Empirical use of antibiotics, a major contributor in hospital Clostridum difficile infection case load. A retrospective study
Aims
The aim of this study was to identify risk factors which lead to Clostridium difficile infection (CDI) in patients admitted to hospital due to any reason.
Methods
A retrospective study was conducted looking through the records of patients with CDI in a period of 6 months (Aug 2013–Jan 2013) in a district general hospital (DGH) of NHS Wales UK. Thirty-five patients were identified who were flagged as CDI positive either with glutamate dehydrogenase toxin or actual organism in the presence of clinical symptoms. Case-notes and drug-charts were obtained from medical records and clinical state of the patient in question was investigated at the time of infection. Any history of antibiotic use during the episode in question or in previous 3 months (inpatient or outpatient) was documented. Indication for the antibiotics was also identified and whether the indication was confirmed prior to that.
Results
Of the 35 patients the majority were female (21/14) and most were elderly with only nine patients identified as under 70. Prior use of antibiotics both in outpatient or inpatient settings including primary care was identified in 31/35 (88%) patients. Among these, most of the patients (18/31 or 58%) were found to have a history of exposure to more than one antibiotic in the last 3 months. Among the conditions being treated, urinary tract infections covered most of the cases followed by pneumonia. In 18/31 (58%) patients, evidence for the above indication was confirmed prior to starting treatment. Oral metronidazole was the major mode of treatment followed by oral vancomycin (16 vs 5). However, no documentation of severity was identified for selection of one over the other. It was interesting to note the presence of a proton pump inhibitor in 13/35 (37%) patients, which was withheld in some of the cases after CDI was flagged. Only one patient had a prior history of confirmed CDI.
Conclusion
C difficile is the most frequent infectious cause of healthcare-associated diarrhoea and is a significant cause of morbidity, mortality and prolonged hospital stay among hospitalised patients. Most CDI cases are associated with inpatient or outpatient contact with a healthcare setting, particularly antibiotic use. Development of CDI usually requires two events: disruption of the gut flora (typically via exposure to antibiotics) and acquisition of the organism via the faecal-oral route. Prevention and control of C difficile includes a number of interventions including emphases on public reporting, careful antibiotic use and infection control measures. Antibiotic use increases the risk of developing CDI seven- to tenfold during and up to 1 month after treatment and approximately threefold for 2 months thereafter. Targeted restriction of a particular antibiotic agent or class of agents can facilitate control of hospital outbreaks and reduce CDI rates in the community. In England, for example, a national shift in antibiotic prescribing between 2006 and 2009 was associated with a reduction in hospital CDI rates by more than 50%. Another study evaluating an antibiotic stewardship programme implemented during the Quebec outbreak in the early 2000s noted a reduction in incidence of nosocomial CDI of 60%.
Recommendations
Empirical use of antibiotics should be discouraged, specifically in an elderly population (higher risk of CDI and atypical presentation of infections).

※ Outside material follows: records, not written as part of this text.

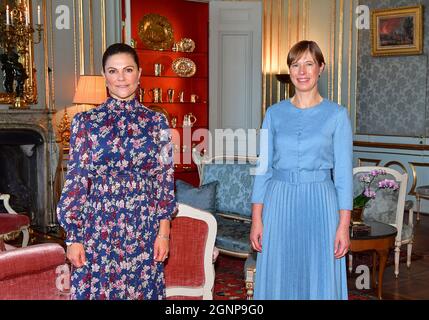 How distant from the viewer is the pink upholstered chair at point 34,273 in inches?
72.2

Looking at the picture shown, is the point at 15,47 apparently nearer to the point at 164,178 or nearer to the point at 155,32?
the point at 155,32

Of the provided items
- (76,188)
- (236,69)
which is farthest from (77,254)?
(236,69)

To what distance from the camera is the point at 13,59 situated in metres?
5.33

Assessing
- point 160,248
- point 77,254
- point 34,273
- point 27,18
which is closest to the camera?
point 77,254

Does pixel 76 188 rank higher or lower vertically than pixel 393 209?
higher

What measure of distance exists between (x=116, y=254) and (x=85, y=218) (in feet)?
0.47

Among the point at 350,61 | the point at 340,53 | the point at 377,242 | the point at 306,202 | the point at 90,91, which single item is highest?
the point at 340,53

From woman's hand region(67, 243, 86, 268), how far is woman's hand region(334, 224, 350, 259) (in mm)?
871

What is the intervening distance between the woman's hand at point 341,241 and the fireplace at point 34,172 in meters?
4.12

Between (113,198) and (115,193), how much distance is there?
2cm

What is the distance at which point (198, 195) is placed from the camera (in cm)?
427

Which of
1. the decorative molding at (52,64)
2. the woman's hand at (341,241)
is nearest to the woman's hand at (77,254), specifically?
the woman's hand at (341,241)

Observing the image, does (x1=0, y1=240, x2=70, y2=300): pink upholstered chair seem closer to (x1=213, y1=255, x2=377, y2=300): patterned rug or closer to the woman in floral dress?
the woman in floral dress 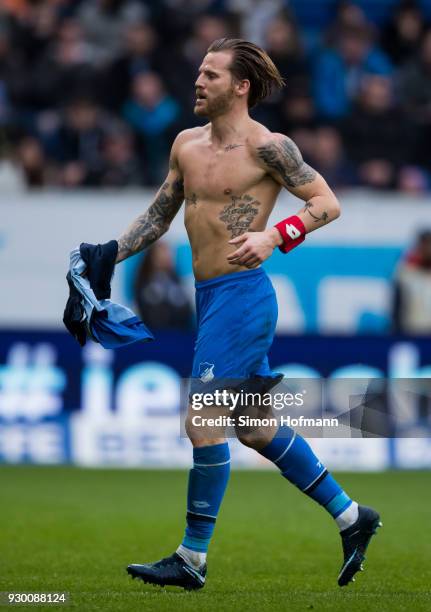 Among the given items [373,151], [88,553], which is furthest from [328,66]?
[88,553]

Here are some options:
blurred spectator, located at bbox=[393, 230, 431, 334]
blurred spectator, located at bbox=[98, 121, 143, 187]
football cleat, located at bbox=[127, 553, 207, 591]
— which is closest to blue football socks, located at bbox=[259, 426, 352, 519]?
football cleat, located at bbox=[127, 553, 207, 591]

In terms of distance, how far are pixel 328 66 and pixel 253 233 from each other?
32.7 ft

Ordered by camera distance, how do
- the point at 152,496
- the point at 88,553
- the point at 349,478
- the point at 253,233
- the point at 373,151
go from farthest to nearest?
the point at 373,151, the point at 349,478, the point at 152,496, the point at 88,553, the point at 253,233

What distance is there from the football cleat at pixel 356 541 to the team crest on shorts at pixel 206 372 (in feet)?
3.45

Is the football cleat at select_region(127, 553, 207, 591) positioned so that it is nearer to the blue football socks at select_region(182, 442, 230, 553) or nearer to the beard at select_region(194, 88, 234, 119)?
the blue football socks at select_region(182, 442, 230, 553)

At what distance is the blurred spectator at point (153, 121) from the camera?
15656 millimetres

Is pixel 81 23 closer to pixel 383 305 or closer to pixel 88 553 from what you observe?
pixel 383 305

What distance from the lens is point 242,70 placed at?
23.8ft

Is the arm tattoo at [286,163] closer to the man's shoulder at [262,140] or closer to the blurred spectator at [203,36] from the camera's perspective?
the man's shoulder at [262,140]

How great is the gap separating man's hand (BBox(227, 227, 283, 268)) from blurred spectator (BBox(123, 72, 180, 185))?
8.78 metres

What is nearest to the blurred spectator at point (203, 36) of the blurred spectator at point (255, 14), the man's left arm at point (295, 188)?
the blurred spectator at point (255, 14)

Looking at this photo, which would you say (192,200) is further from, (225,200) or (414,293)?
(414,293)

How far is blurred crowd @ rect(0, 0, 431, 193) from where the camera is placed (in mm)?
15609

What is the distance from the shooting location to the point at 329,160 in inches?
611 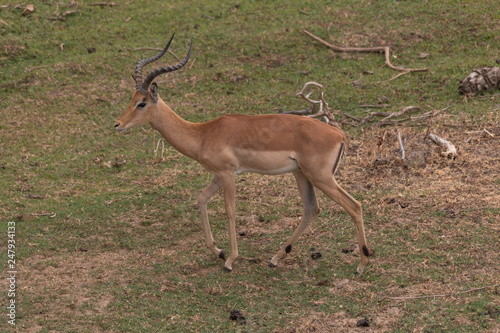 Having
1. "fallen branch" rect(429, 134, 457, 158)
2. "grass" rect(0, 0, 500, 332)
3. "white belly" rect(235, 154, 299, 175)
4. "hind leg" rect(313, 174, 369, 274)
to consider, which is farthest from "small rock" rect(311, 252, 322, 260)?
"fallen branch" rect(429, 134, 457, 158)

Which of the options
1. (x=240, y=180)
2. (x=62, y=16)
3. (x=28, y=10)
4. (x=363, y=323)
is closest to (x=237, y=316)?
(x=363, y=323)

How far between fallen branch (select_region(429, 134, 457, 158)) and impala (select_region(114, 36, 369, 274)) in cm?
279

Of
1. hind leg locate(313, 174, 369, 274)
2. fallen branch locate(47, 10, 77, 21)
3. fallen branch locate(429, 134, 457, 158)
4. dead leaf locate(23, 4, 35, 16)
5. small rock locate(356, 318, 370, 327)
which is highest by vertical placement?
hind leg locate(313, 174, 369, 274)

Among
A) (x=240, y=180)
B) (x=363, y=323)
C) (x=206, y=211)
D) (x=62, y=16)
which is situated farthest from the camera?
(x=62, y=16)

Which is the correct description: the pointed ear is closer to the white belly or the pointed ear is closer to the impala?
the impala

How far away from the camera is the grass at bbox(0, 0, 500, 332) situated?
6.00 m

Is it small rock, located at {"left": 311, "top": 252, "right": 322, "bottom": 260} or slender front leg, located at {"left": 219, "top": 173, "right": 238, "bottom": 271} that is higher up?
slender front leg, located at {"left": 219, "top": 173, "right": 238, "bottom": 271}

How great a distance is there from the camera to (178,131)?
7.13m

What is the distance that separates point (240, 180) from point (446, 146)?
311 cm

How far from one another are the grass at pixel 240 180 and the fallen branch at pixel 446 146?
15 cm

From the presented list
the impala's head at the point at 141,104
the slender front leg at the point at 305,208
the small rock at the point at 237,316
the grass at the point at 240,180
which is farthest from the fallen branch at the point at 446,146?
the small rock at the point at 237,316

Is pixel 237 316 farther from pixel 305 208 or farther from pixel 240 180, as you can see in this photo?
pixel 240 180

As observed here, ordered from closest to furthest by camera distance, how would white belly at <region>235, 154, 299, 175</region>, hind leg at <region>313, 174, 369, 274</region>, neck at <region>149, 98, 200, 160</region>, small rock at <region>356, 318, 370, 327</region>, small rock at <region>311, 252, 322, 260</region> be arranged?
small rock at <region>356, 318, 370, 327</region>
hind leg at <region>313, 174, 369, 274</region>
white belly at <region>235, 154, 299, 175</region>
small rock at <region>311, 252, 322, 260</region>
neck at <region>149, 98, 200, 160</region>

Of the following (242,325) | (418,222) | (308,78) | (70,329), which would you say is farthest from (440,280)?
(308,78) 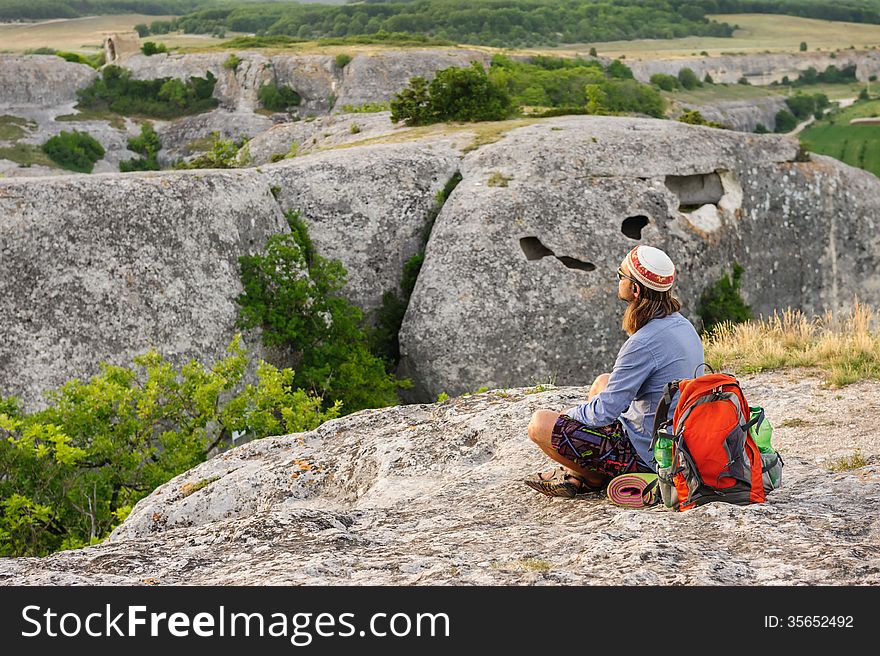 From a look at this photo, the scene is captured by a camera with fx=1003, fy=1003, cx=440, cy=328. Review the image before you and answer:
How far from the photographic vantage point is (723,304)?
2155 cm

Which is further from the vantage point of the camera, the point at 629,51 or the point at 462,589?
the point at 629,51

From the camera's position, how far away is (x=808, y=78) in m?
150

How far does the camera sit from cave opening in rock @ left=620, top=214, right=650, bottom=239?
20828 mm

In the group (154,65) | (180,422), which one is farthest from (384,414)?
(154,65)

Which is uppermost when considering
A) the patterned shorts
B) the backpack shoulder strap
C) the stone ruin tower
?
the stone ruin tower

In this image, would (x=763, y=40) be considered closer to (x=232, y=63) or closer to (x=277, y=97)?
(x=232, y=63)

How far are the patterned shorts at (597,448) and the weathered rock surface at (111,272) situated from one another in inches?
479

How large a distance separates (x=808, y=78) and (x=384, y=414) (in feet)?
510

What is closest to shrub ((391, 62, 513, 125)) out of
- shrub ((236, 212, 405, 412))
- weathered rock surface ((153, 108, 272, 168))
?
shrub ((236, 212, 405, 412))

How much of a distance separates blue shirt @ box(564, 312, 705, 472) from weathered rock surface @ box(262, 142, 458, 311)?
1476cm

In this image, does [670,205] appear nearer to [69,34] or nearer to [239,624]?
[239,624]

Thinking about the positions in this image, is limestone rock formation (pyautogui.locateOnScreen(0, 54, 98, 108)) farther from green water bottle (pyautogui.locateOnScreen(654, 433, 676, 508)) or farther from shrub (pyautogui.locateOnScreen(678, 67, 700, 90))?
shrub (pyautogui.locateOnScreen(678, 67, 700, 90))

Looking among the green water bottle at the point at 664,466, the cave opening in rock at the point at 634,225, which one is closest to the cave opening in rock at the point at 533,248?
the cave opening in rock at the point at 634,225

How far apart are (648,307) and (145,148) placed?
47907 mm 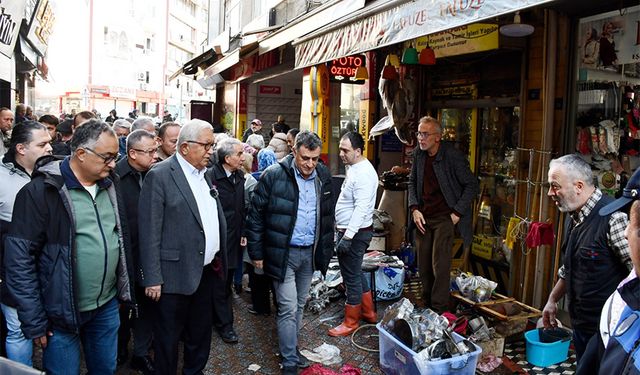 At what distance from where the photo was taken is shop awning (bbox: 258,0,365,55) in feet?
22.2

Use of multiple antibiotics or switching between antibiotics should be kept to minimum if possible and a microbiologist should be consulted prior to doing this.
An indication for the use of antibiotics should always be confirmed.
Appropriate investigations should be offered to ensure targeted use of antibiotics.
Treatment for CDI should be selected according to the severity of infection.
Conflict of interest statement
None.
- © Royal College of Physicians 2019. All rights reserved.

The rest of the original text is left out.